Confusion with tuples using named elements - and possible compiler bug?

I encountered some strange behaviour of tuples with specified element names in combination with the reduce operator.

The following code (a simplified version of a real world section of my code) causes a runtime crash, no compiler errors or warnings given.

// Define some data using tuples with element names

let myData: [[(id: Int, data: String)]] = [[(100,"Apple"),(200,"Orange")], [(300,"Lemon")]]

//I use the reduce function to flatten the array and misspelled one element name.

//This will compile just fine, but causes a runtime crash

let myFlatData1: [(id: Int, daata: String)] = myData.reduce() {$0 + $1}

//The same code with type annotations to make it clear what happens.

// The compiler should detect that “item” has the wrong type - i.e. (id: Int, data: String)

let myFlatData2: [(id: Int, daata: String)] = myData.reduce((id: Int, daata: String)) {

(accumulator: [(id: Int, daata: String)], item: [(id: Int, daata: String)]) in

accumulator + item

//I could of course used flatMap (which I probably should have), but I didn’t. flatMap behaves as expected, the following code will not compile.

let myFlatData3: [(id: Int, daata: String)] = myData.flatMap{$0}

If I’m not completely mistaken, I think it is a pretty serious bug since a simple misspelling could lead to unexpected crashes. I’m looking forward to hearing any thoughts on this from the community.

Kind regards,

Anders

rb_email_small_sv.png

[Fixed some formatting, sorry...

I encountered some strange behaviour of tuples with specified element names in combination with the reduce operator.

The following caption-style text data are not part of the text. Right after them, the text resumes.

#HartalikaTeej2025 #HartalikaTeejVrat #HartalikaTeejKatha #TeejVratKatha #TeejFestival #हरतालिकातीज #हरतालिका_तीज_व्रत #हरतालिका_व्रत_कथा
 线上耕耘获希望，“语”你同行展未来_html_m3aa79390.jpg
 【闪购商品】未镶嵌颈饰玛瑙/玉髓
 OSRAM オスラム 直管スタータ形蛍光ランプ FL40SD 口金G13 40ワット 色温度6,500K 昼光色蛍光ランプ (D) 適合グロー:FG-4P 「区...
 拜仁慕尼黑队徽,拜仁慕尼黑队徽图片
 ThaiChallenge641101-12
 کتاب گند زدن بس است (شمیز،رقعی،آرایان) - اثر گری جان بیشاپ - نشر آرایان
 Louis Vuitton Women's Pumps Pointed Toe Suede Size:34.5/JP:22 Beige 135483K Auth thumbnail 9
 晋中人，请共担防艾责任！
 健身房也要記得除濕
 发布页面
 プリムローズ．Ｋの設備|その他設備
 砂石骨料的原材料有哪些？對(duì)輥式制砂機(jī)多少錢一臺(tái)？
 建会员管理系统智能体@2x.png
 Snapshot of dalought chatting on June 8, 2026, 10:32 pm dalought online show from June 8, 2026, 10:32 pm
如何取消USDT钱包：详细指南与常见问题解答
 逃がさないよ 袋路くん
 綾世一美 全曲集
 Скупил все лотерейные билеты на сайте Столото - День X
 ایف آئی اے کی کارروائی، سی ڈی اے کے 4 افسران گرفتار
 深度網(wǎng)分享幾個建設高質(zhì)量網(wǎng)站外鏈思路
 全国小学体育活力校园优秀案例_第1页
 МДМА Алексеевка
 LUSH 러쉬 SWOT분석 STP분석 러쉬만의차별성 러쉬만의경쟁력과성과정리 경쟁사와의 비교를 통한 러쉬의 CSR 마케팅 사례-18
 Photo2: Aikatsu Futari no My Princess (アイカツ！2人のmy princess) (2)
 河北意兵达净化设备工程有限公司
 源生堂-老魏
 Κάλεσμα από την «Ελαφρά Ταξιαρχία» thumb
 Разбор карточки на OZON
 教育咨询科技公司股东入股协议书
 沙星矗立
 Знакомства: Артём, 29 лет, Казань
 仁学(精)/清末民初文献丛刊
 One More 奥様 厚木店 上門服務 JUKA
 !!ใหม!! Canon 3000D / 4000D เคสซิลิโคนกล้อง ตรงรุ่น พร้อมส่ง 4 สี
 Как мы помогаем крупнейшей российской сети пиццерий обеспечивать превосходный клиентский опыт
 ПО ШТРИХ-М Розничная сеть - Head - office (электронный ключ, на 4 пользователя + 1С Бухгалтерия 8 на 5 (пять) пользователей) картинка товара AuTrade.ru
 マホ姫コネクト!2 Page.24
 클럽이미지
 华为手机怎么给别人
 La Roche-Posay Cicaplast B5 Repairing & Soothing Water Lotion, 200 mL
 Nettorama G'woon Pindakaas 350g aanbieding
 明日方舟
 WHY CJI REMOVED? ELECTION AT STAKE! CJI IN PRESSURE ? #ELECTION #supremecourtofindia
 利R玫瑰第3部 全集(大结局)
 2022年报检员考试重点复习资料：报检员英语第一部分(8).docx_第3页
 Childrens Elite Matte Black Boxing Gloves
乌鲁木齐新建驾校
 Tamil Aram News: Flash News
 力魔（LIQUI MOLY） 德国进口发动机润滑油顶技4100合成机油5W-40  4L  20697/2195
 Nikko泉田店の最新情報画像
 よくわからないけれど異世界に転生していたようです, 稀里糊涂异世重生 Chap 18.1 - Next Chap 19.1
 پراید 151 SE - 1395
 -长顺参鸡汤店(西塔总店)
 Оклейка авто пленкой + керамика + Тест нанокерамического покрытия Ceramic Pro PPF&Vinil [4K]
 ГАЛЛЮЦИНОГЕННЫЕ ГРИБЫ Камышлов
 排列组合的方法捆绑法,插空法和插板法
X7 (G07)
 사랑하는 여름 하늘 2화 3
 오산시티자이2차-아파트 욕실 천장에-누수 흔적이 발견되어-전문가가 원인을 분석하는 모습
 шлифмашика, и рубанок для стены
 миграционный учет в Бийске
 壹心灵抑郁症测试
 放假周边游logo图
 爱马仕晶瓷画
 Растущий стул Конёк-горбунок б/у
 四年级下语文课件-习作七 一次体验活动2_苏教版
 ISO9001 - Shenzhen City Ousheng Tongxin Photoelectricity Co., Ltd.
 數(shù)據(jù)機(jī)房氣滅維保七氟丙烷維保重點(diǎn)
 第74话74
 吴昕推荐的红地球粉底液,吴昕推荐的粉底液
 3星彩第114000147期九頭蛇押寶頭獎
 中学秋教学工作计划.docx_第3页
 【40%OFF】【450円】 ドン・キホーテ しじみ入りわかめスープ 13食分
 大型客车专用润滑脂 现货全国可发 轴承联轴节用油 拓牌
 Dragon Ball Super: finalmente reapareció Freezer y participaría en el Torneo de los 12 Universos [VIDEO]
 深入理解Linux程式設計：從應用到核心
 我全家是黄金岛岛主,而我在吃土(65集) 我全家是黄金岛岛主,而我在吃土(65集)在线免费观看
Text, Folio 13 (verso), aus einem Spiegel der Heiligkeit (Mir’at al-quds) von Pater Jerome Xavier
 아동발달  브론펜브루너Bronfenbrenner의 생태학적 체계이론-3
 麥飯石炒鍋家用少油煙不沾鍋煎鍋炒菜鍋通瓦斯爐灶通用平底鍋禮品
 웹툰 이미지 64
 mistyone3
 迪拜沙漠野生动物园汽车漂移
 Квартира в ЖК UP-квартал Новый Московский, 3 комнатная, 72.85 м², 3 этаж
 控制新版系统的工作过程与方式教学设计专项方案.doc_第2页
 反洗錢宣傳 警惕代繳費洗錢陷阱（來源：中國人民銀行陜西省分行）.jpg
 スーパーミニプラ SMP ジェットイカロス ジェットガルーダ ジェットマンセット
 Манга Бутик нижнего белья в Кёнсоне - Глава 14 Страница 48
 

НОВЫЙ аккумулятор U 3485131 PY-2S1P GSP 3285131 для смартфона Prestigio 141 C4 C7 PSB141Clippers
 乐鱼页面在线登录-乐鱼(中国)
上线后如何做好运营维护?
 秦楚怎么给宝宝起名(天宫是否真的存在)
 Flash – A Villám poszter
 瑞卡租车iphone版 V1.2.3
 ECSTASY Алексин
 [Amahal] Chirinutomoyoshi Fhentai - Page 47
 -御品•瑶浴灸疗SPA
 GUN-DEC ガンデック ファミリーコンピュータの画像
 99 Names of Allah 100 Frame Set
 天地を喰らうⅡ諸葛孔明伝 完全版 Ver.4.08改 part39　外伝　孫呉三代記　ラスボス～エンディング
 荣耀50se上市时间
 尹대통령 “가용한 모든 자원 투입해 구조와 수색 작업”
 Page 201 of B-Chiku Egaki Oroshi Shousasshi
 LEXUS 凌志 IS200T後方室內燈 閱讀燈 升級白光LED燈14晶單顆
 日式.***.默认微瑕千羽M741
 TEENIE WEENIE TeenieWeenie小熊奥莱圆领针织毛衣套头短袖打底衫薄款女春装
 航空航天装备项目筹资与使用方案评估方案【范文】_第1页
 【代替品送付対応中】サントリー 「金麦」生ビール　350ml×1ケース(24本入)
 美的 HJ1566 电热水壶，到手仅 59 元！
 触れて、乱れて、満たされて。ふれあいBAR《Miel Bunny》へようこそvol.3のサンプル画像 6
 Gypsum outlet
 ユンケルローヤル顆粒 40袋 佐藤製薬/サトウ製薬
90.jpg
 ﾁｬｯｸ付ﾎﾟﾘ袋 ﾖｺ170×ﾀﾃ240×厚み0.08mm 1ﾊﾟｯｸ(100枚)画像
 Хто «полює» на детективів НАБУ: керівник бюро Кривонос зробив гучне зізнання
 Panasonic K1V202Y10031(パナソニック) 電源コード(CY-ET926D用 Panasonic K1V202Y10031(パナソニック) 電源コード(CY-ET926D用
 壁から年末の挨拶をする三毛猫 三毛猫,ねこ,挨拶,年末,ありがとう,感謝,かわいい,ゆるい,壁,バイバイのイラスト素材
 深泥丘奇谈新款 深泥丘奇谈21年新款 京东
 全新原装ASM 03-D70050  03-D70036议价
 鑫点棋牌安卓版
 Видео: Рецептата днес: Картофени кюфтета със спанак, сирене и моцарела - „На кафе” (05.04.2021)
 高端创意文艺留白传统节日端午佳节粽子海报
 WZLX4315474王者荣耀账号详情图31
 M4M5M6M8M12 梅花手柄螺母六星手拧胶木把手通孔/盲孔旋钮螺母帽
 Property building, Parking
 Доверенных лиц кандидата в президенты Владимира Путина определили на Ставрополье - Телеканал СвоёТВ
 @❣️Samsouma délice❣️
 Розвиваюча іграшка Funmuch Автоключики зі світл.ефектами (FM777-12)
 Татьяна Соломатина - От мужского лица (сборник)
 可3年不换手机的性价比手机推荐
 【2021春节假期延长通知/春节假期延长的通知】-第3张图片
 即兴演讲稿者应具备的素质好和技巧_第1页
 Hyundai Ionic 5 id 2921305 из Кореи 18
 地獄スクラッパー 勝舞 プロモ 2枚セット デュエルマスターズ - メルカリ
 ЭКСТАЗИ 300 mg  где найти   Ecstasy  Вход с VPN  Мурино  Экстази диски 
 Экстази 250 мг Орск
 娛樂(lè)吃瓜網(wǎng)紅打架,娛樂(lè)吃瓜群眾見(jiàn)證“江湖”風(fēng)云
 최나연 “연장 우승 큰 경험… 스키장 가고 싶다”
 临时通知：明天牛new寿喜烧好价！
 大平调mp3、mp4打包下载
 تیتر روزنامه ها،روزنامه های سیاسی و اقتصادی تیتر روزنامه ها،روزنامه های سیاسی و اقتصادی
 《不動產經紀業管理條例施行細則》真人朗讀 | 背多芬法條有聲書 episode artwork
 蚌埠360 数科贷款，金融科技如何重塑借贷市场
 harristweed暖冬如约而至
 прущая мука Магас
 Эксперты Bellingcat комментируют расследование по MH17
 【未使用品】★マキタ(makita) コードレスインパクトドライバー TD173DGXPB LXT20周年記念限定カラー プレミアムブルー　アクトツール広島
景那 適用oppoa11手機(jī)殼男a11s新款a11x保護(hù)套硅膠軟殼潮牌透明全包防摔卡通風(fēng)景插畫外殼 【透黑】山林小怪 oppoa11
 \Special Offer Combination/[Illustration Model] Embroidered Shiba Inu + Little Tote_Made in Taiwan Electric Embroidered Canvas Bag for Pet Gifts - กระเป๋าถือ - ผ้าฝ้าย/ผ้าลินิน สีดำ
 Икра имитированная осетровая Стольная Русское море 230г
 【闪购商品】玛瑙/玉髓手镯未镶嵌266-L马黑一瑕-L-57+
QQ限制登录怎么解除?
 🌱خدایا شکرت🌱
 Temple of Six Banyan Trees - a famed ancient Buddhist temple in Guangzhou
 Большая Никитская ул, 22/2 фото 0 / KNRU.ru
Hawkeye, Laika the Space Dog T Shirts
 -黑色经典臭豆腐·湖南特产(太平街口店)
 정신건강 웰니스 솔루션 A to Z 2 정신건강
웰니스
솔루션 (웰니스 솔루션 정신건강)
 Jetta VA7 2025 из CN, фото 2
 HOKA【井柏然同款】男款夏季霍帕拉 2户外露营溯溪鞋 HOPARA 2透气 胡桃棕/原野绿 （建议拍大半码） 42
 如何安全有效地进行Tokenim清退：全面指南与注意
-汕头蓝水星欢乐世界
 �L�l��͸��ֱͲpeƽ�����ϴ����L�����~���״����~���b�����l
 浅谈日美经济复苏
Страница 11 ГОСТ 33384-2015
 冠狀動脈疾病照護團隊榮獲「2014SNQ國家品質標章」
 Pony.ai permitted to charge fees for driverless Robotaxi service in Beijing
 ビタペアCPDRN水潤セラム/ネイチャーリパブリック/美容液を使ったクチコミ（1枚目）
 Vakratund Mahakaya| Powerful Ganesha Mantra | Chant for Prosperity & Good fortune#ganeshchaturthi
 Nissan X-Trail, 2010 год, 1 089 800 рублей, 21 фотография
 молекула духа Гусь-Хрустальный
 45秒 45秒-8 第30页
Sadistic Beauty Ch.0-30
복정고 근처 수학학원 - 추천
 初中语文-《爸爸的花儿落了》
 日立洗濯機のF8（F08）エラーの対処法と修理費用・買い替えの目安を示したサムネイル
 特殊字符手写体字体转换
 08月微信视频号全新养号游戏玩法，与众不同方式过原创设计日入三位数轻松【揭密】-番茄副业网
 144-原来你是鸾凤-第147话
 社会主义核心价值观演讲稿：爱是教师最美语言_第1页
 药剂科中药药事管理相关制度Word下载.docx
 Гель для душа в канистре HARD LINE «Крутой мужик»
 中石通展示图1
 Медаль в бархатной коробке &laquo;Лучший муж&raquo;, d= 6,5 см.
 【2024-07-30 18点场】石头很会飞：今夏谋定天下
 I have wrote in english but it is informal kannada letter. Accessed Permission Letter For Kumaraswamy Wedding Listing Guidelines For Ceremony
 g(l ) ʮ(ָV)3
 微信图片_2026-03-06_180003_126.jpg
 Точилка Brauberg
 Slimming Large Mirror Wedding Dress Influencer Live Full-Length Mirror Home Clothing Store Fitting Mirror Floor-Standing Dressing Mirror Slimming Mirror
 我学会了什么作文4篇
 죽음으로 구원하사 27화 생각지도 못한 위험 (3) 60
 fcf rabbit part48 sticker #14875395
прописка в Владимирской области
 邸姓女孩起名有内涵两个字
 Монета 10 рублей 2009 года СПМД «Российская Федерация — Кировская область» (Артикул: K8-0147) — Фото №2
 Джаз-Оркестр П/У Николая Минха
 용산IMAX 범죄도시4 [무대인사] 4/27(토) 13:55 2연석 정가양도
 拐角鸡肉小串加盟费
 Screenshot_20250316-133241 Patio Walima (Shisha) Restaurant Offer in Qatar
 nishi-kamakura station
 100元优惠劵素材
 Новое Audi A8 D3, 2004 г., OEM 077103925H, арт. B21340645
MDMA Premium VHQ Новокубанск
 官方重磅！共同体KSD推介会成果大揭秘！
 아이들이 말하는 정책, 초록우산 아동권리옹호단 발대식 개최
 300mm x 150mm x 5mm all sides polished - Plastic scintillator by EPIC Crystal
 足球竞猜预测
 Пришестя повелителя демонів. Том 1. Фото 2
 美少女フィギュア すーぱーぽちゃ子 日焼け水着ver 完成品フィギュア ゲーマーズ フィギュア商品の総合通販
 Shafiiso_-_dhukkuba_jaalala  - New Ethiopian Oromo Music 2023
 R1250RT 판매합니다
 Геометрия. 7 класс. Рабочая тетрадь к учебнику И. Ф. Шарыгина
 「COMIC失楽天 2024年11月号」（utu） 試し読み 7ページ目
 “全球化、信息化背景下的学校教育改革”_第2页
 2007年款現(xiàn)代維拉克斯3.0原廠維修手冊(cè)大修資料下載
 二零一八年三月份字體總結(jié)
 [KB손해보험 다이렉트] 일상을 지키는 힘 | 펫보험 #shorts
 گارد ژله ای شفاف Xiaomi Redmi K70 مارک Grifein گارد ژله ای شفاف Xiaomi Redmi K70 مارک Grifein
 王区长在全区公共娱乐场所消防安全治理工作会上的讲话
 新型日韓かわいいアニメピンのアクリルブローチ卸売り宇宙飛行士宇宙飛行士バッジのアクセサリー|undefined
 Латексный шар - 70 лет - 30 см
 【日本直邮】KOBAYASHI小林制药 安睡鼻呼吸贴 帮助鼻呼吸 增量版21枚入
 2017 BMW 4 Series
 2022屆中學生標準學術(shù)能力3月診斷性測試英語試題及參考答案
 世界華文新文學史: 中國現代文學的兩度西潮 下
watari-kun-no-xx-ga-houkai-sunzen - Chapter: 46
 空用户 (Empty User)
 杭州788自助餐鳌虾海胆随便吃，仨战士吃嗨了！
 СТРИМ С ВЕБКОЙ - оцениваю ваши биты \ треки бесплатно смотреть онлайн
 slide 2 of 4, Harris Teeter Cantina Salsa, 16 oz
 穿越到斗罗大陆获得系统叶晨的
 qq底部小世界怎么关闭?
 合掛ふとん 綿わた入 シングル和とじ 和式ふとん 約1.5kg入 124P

The following code (a simplified version of a real world section of my code) causes a runtime crash, no compiler errors or warnings given.

Define some data using tuples with element names

let myData: [[(id: Int, data: String)]] = [[(100,"Apple"),(200,"Orange")], [(300,"Lemon")]]

I use the reduce function to flatten the array and misspelled one element name.
This will compile just fine, but causes a runtime crash

let myFlatData1: [(id: Int, daata: String)] = myData.reduce([]) {$0 + $1}

The same code with type annotations to make it clear what happens.
The compiler should detect that “item” has the wrong type - i.e. (id: Int, data: String)

let myFlatData2: [(id: Int, daata: String)] = myData.reduce([(id: Int, daata: String)]()) {
    (accumulator: [(id: Int, daata: String)], item: [(id: Int, daata: String)]) in
    accumulator + item
}

I could of course used flatMap (which I probably should have), but I didn’t. flatMap behaves as expected, the following code will not compile.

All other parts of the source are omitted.